I was written up in July of 2019 for a NCNS. A few months later I was written up again for a NCNS and given a final warning. More than a year has passed since the first CCA but it still shows in Workday under my disciplinary actions tab. I thought write ups were supposed to disappear from your profile after the time has passed? My final is up in less than a month. I was thinking it hasn’t disappeared yet maybe because my final isn’t over yet. Do these write ups ever disappear from your profile? Can future employers get your workday records if you signed a form allowing them to check your employment records? Or is it just word of mouth from your HR/Leader? Any input is greatly appreciated, I don’t want it to show up on any of my background investigations for future employers.


----------



## MrT (Jan 7, 2021)

Target wont give out any information except confirm that you worked there


----------



## Targetworker59 (Jan 7, 2021)

Do they get removed from workday after the date they expire?


----------



## Style2563 (Jan 8, 2021)

My final from like 3 years ago still shows on workday.
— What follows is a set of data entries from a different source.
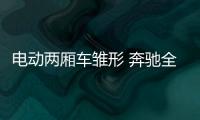 電動兩廂車雛形 奔馳全新概念車即將發布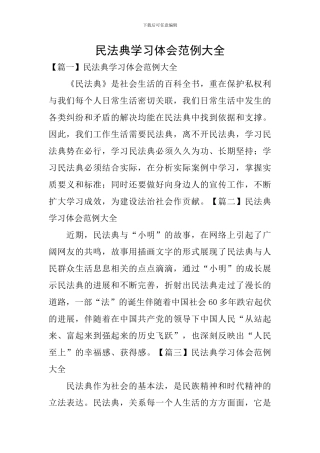 民法典学习体会范例大全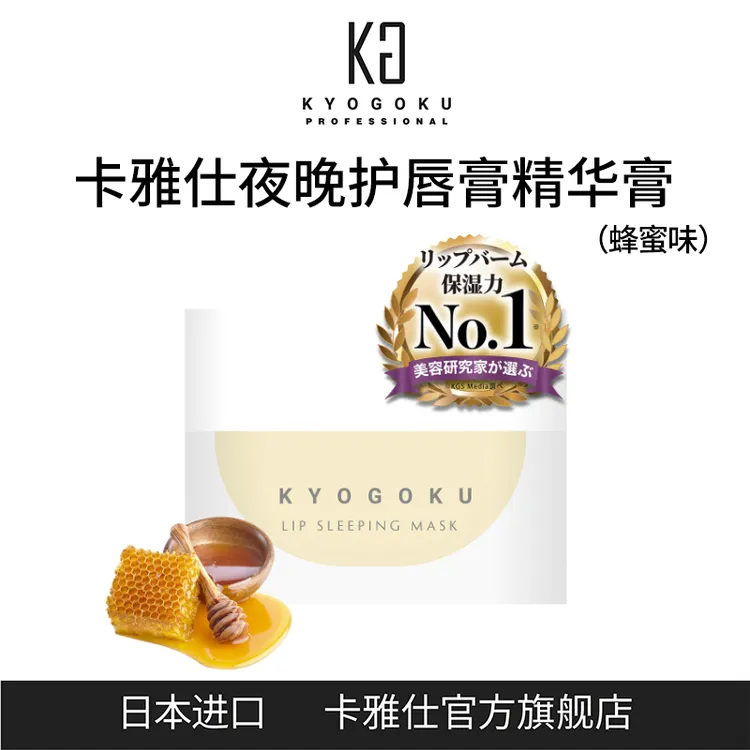 卡雅仕KYOGOKU夜晚护唇膏精华膏唇膜8g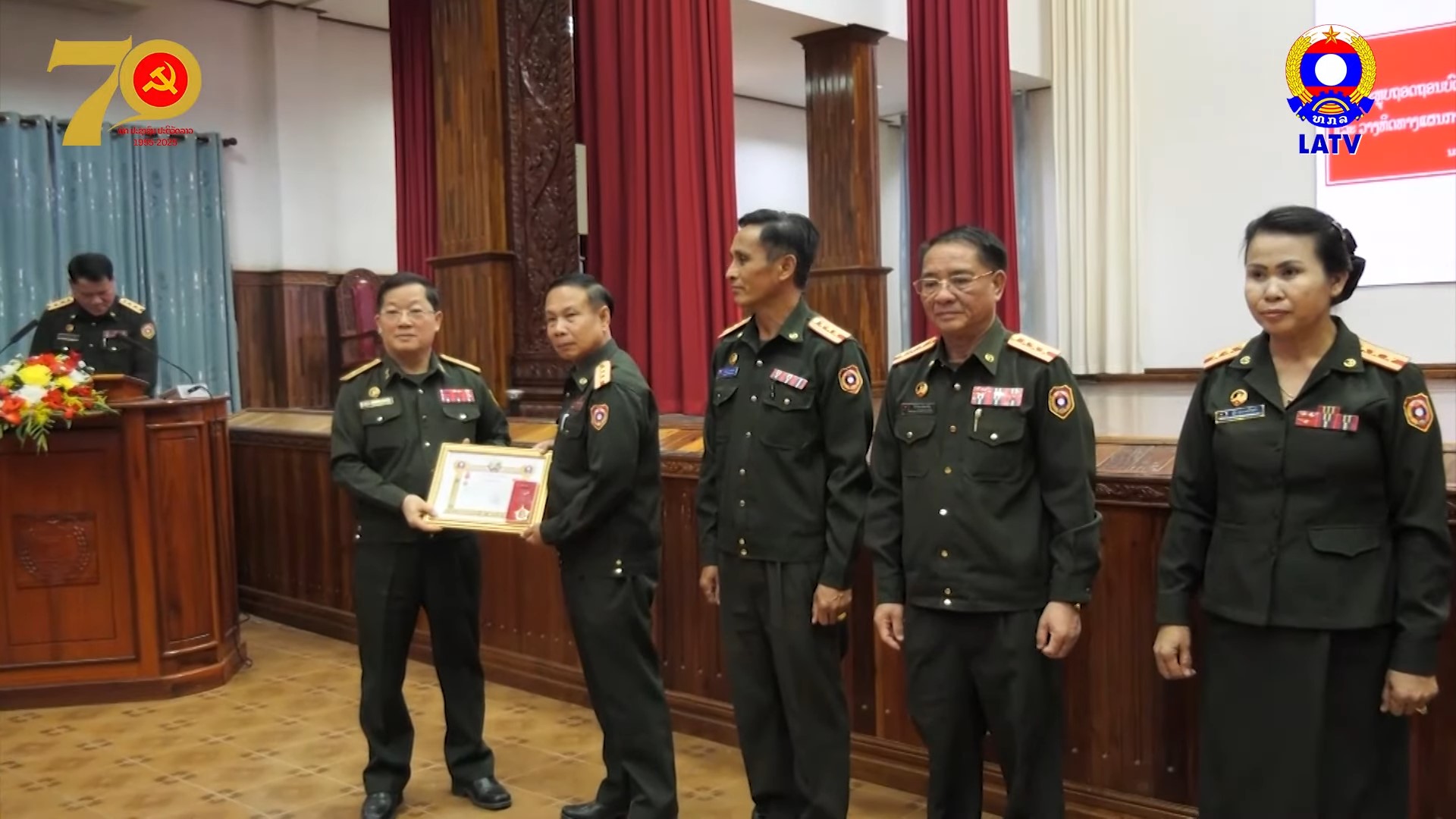 ລາຍການພິເສດການຈັດຕັ້ງຜັນຂະຫຍາຍຂອງກອງປະຊຸມໃຫຍ່ຄັ້ງທີ V…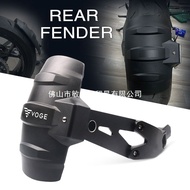 Promotion Suitable for Valico DS900X dsx900 900dsx DSX DS900X Motorcycle Rear Mudguard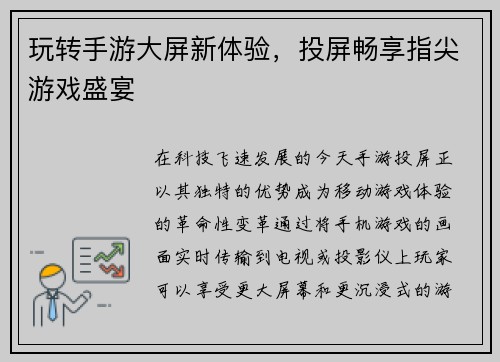 玩转手游大屏新体验，投屏畅享指尖游戏盛宴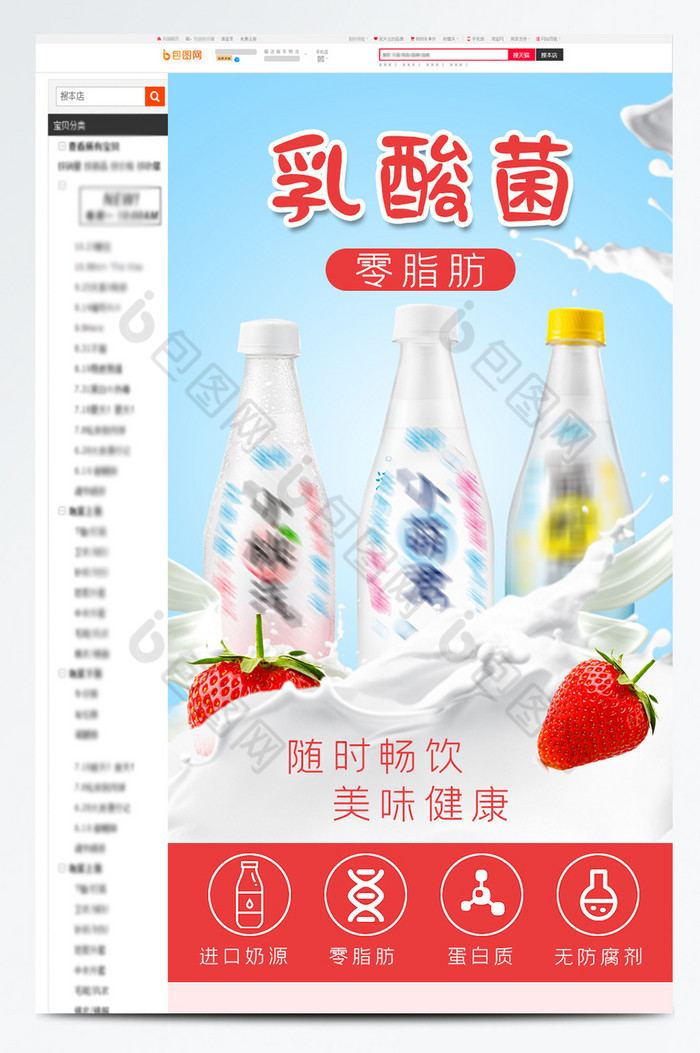 乳酸菌口味碳酸饮料汽水饮品电商淘宝详情页图片图片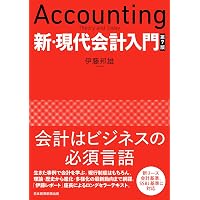 新・証券投資論I | 日本証券アナリスト協会, 小林 孝雄, 芹田 敏夫 |本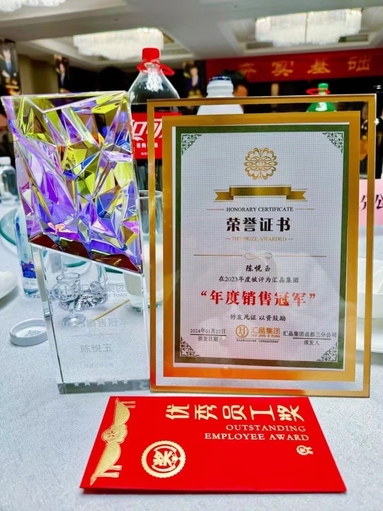 魚(yú)泡網(wǎng)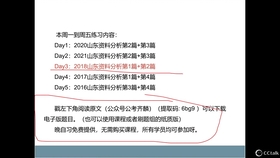 新奥彩2024最新资料大全，全面解析与深度探索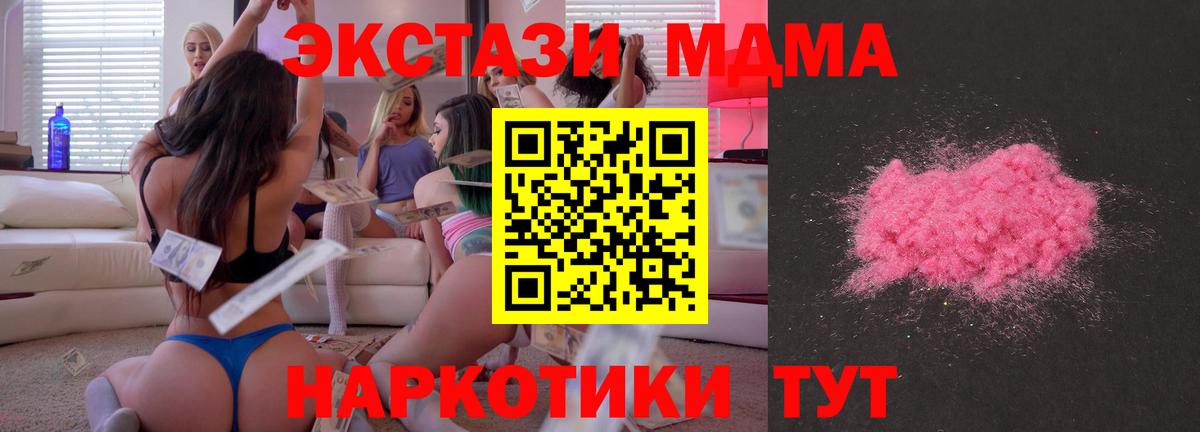 Ишимбай  МДМА VHQ  Вход с VPN  МДМА Molly 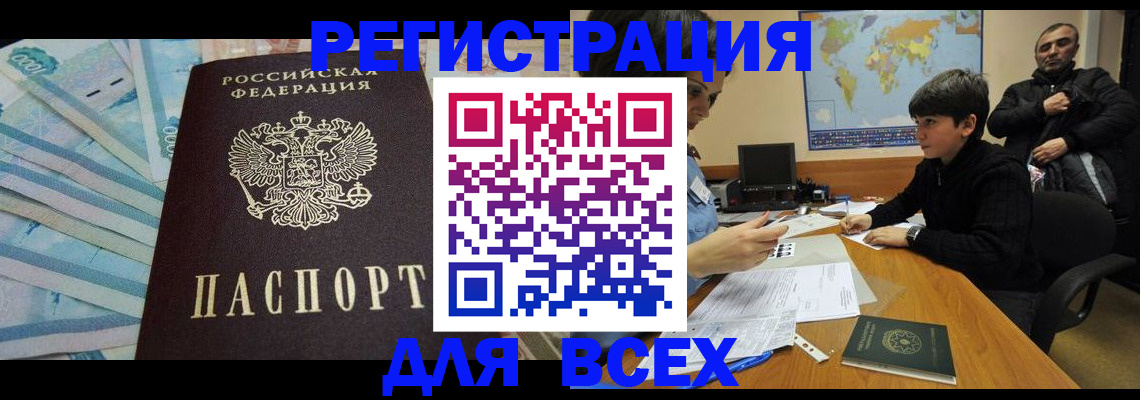 где прописаться в Старом Осколе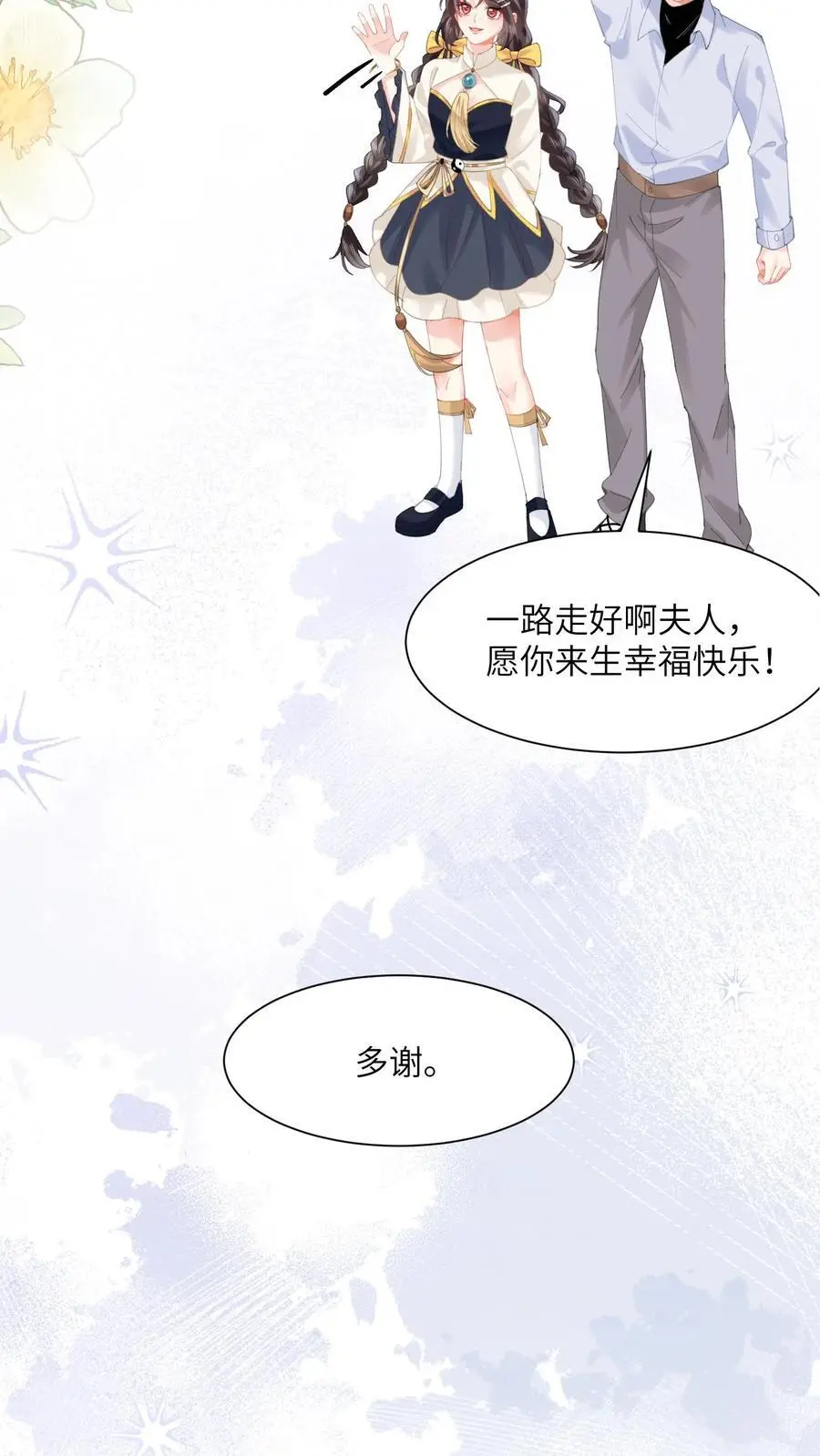 第139话 一路走好 第24页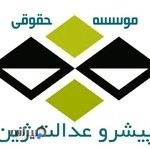 موسسه حقوقی پیشرو عدالت ژین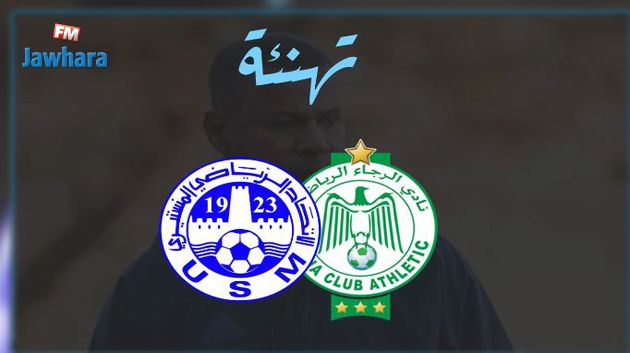 الاتحاد المنستيري يهنئ لسعدجردة الشابي والرجاء بكأس الكاف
It has an expired date.


----------



## Fluttervale (Jan 8, 2021)

Targetworker59 said:


> Do they get removed from workday after the date they expire?


They don't "go away."  However, if you show consistent improvement the consequences start back at zero.

So if you're on a final, you are no longer on any discipline track after one year.  Anogher NCNS does not result in a term, but you can be put back on notice.

A history of being on a final can affect your chances of being promoted, especially if you are always on a final but never get termed.


----------